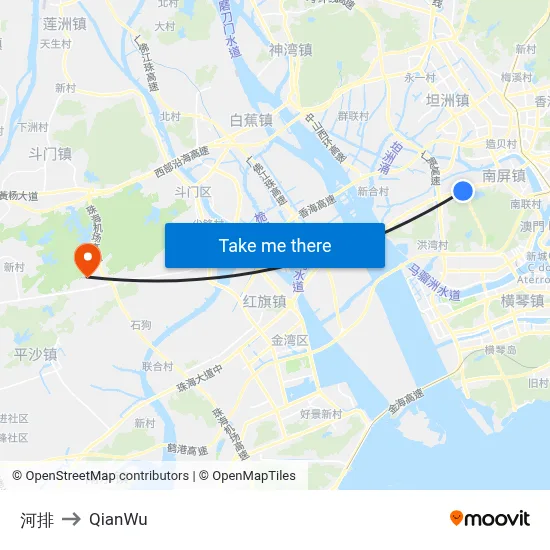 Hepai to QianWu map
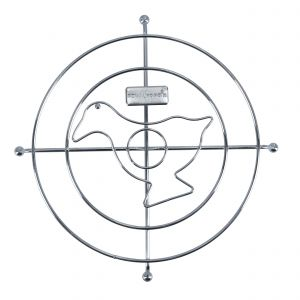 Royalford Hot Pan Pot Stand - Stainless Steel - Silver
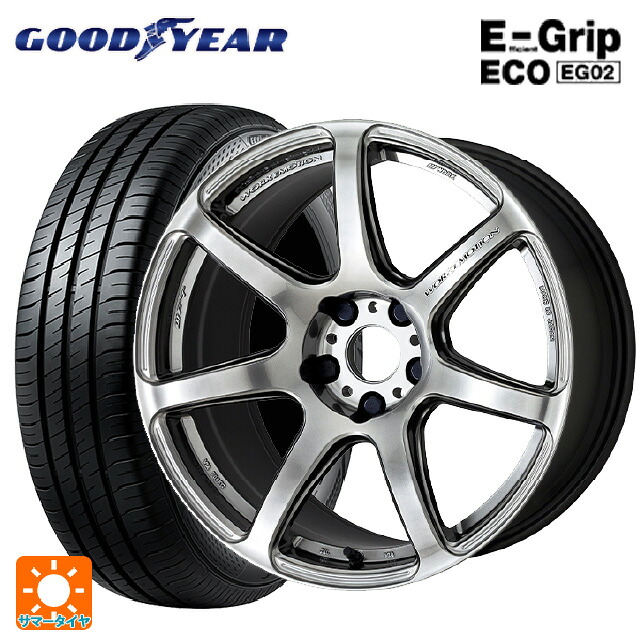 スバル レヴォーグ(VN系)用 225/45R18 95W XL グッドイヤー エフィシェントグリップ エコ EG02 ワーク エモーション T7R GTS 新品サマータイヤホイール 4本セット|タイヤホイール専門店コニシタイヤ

────────

Write out the listing above exactly as it stands, pictures excluded.

*Solution for this exercise*
 Hepai to QianWu map
 Royalford Hot Pan Pot Stand - Stainless Steel - Silver
 スバル レヴォーグ(VN系)用 225/45R18 95W XL グッドイヤー エフィシェントグリップ エコ EG02 ワーク エモーション T7R GTS 新品サマータイヤホイール 4本セット|タイヤホイール専門店コニシタイヤ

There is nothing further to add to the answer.